*GOAL OF THE EXERCISE:* Transcribe only the part of the material below that begins at the line containing "Hạt gỗ tròn dẹp hồng" and ends at the line containing "Head of an Eagle Warrior, (Eagle Knight)", with both kept and images left out.

*MATERIAL SUPPLIED:*
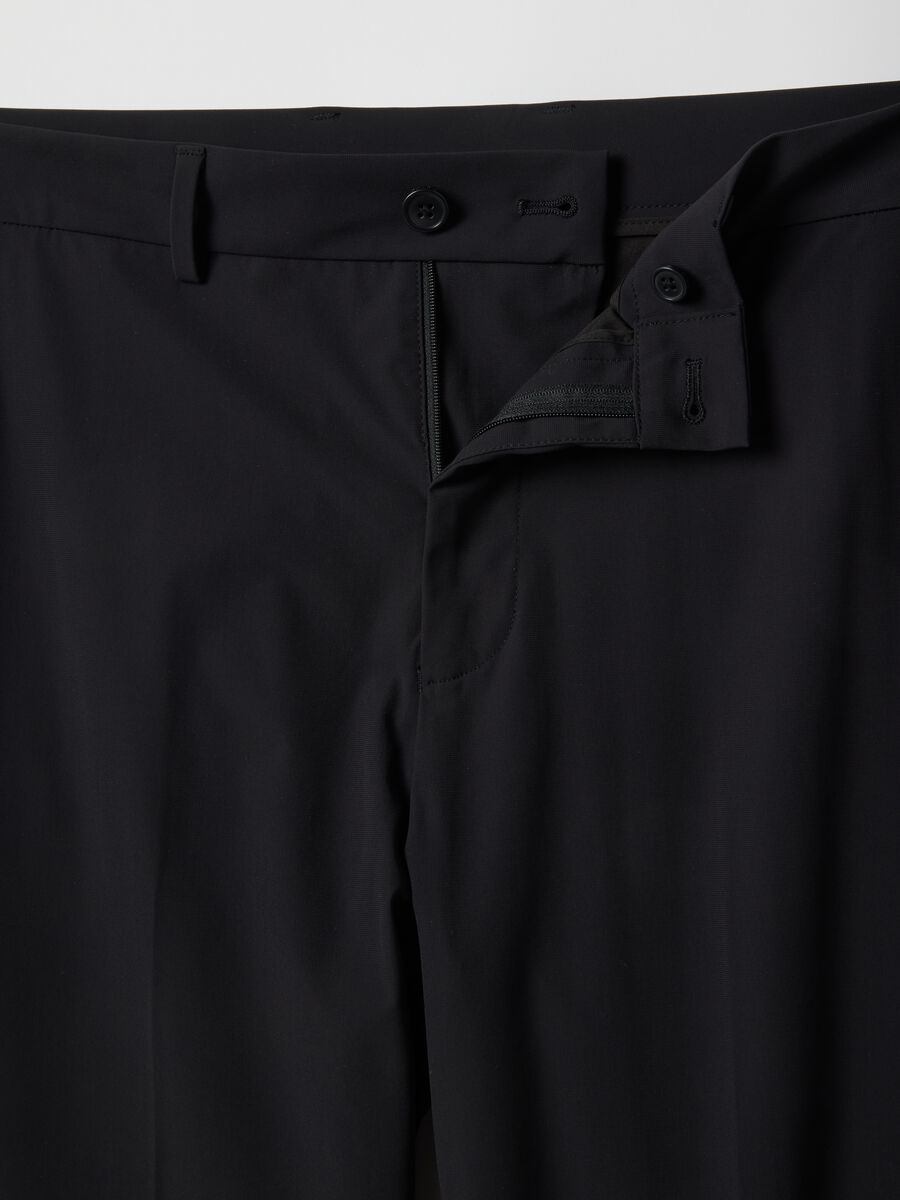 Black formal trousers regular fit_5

---

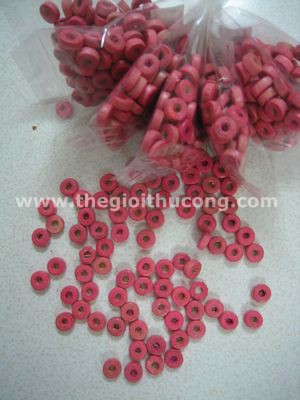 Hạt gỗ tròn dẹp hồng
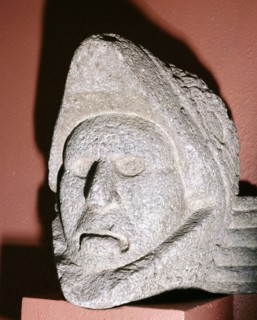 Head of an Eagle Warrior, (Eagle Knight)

*RESULT FOR THIS TASK:*
 Hạt gỗ tròn dẹp hồng
 Head of an Eagle Warrior, (Eagle Knight)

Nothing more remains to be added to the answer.